The city-county water authority says customers have used 812 million fewer gallons in 2019 compared with last year. (Pat Vasquez-Cunningham/Albuquerque Journal)

ALBUQUERQUE, N.M. — Albuquerque endured a hot, dry summer this year. Temperatures are still above average, and the monsoon season never made a big splash. But that hasn’t stopped the city from conserving water.

At its board meeting Wednesday, the Albuquerque Bernalillo County Water Utility Authority said customers, through Sept. 9, have used 812 million fewer gallons in 2019 compared with this same time last year. That equates to about 4 fewer gallons per person per day.

Carlos Bustos, water authority conservation program manager, said the original goal for this year was to reduce water use by 1 gallon per capita per day.

Bustos credited the city’s water conservation programs and customers’ efforts to save water as reasons for the drop.

“It’s not surprising to see how customers react to weather in Albuquerque,” he said.

The city offers rebates for residents to update home appliances and install xeriscape landscapes that use water more efficiently. Albuquerque also uses a “water by the numbers” program that allows residents to choose which days to water their yards.

Last year, Albuquerque water use was 125 gallons per capita per day. The water authority has a goal of 110 gallons per capita per day by 2037.

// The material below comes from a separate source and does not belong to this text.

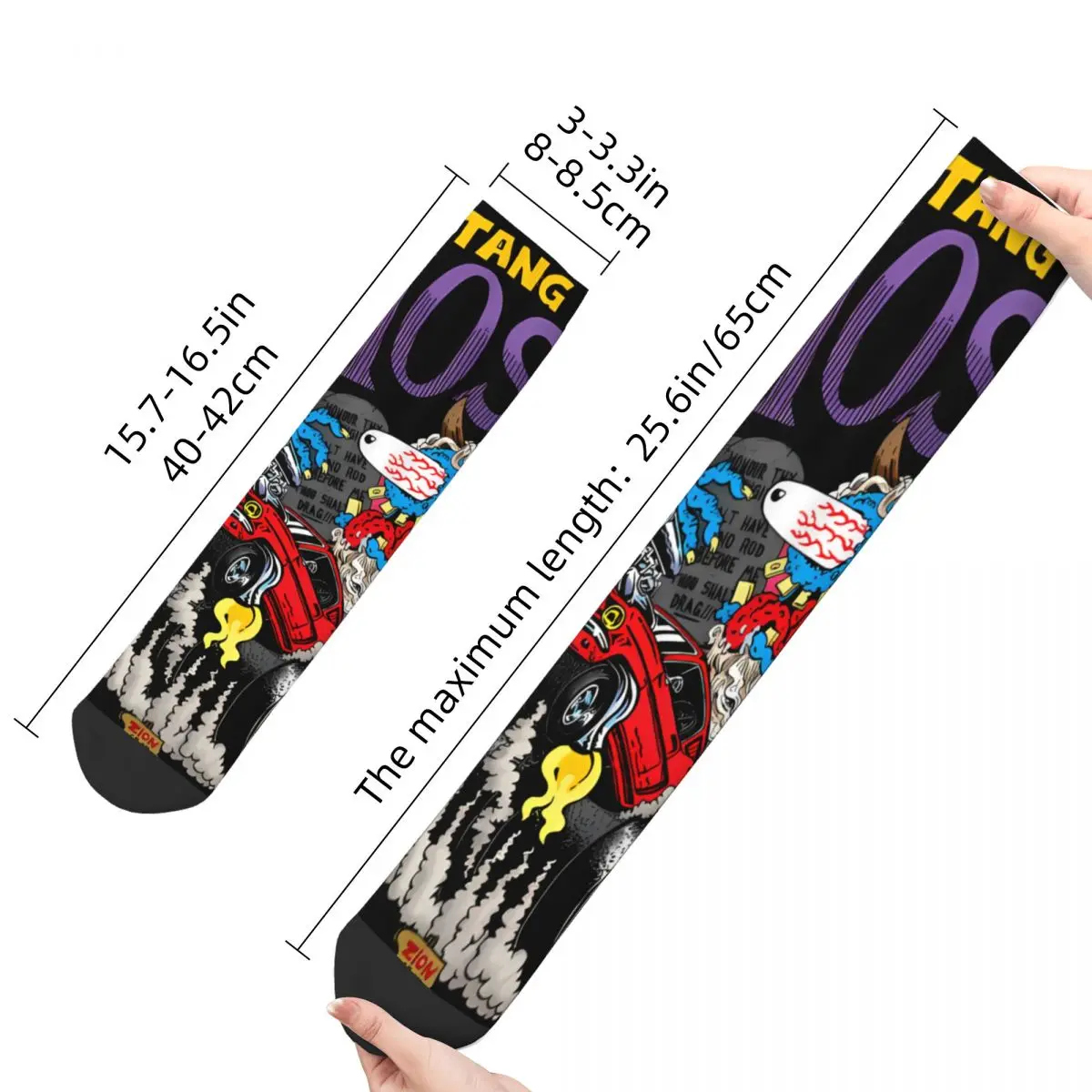 Happy Funny Men's Socks Mustang Moses Tales of the Rat Fink Cartoon Film Hip Hop Casual Crew Crazy Sock Gift Pattern Printed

The board also approved an application for a Bureau of Reclamation WaterSMART grant. The maximum amount awarded by Reclamation would be $750,000, which would be matched by the water authority.

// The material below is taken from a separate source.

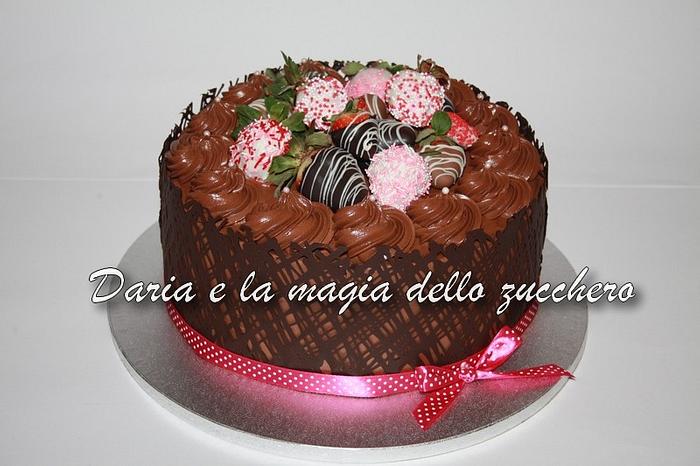 Collar chocolate cake and strawberry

Katherine Yuhas, ABCWUA Water Resources Division manager, said the grant would be used for a new project to store surface water from the river in the aquifer.

“This project would be a series of small infiltration ponds that we could actually put in neighborhoods as sort of a neighborhood enhancement,” Yuhas said. “The water would move underground very quickly, so the ponds wouldn’t hold water very long. We have a vision of these infiltration ponds as wetland areas with lots of plants and maybe a walking path.”

Recharging the aquifer is part of the Water 2120 plan to address the city’s future water needs. Aquifer levels have rebounded in Albuquerque since 2008, according to the U.S. Geological Survey. The San Juan-Chama Project and the city’s aquifer storage and recovery projects have contributed to rising aquifer levels.